In a recent paper that was published in Molecular Psychiatry, there was a claim that was made by Stan Skafidas that ‘a simple genetic test could be used to predict autism risk from birth’.
It is believed that the genetic prediction capability that was suggested in this paper would be difficult even for common diseases before thinking about a complex condition like autism.
Many failed to view this statement as presenting a revolution in autism research, and instead, they felt that the paper lacked grounds to make such bold statements and present them as facts.
A year after this paper was published, two new papers have come forward, showing how the previous study only highlights the dangers of poor experimental design and biases from important cofounders. Of course, the original paper sparked controversy in the scientific community.
The Skafidas paper suggests a method that would help to generate a genetic risk score for the autism spectrum disorder that would be based on a small number of SNPs.
The method would aim to analyze data from the autism spectrum case samples to develop, test, and validate a prediction algorithm for the autism spectrum disorder.
The paper suggests that an individual could give a sample to be genotyped and discover whether their children could develop autism.
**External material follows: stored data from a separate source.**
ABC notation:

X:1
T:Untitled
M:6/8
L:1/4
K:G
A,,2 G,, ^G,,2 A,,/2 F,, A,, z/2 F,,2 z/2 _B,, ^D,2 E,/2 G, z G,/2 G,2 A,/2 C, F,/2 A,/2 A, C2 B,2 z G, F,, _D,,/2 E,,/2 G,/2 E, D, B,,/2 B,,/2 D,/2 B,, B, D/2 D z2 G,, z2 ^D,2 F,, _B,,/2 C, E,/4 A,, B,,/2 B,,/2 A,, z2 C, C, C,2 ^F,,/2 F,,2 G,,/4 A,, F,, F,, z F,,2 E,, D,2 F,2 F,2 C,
However, this paper is more dangerous than it may seem with its flawed proposed methods and overall design.
Research by professionals in the area has suggested that there is no clear association between autism and the specific set of genetic markers that Skafidas has mentioned in his paper. The results suggested by Skafidas are inconsistent with our current knowledge and understanding in terms of the genetics of autism.
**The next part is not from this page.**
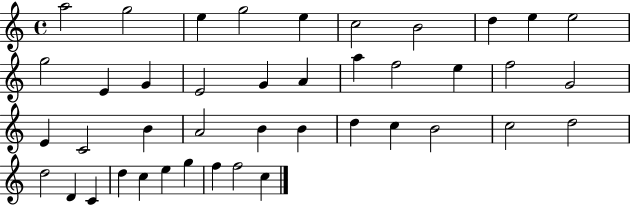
A5/h G5/h E5/q G5/h E5/q C5/h B4/h D5/q E5/q E5/h G5/h E4/q G4/q E4/h G4/q A4/q A5/q F5/h E5/q F5/h G4/h E4/q C4/h B4/q A4/h B4/q B4/q D5/q C5/q B4/h C5/h D5/h D5/h D4/q C4/q D5/q C5/q E5/q G5/q F5/q F5/h C5/q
It is believed that there are methodological errors in terms of the findings that have been reported by Skafidas. More specifically, within population stratification. This is when cases and controls average different ancestral origin.
It was a major concern for both of the papers that were published in response. To be able to accurately estimate the relationship between a genetic variant and a disease, an individual would have to ensure that there were no other differences between cases and controls that confound the association. Popular stratification is a great example of this type of confounding.
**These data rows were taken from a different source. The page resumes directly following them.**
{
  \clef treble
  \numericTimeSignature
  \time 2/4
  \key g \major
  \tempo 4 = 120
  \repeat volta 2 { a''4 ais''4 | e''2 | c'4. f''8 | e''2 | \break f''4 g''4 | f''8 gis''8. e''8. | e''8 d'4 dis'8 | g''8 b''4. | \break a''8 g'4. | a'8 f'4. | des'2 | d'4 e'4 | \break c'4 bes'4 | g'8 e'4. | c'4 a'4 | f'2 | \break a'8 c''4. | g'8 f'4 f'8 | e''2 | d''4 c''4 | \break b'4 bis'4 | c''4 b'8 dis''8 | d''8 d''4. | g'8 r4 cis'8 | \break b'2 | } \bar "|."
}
Skafidas actually studies autism cases from the Autism Genetic Research exchange, and controls from the HapMap3 Northern and Western European reference population.
The cases and controls differ in genetic ancestry, and these are the subjects used for the case study. If you use cases with European ancestry and controls from Northwestern Europe, then Easterns European ancestry is likely to be found in the cases and not the controls.
To summarize, it is believed that the published paper by Skafidas is flooded with many methodological and analytical errors that cannot be overlooked.
These errors interfere with the tests and the ability to produce the intended result of the genetic predator for Autism Spectrum Disorder. The tests suggested cannot be viable with the data provided.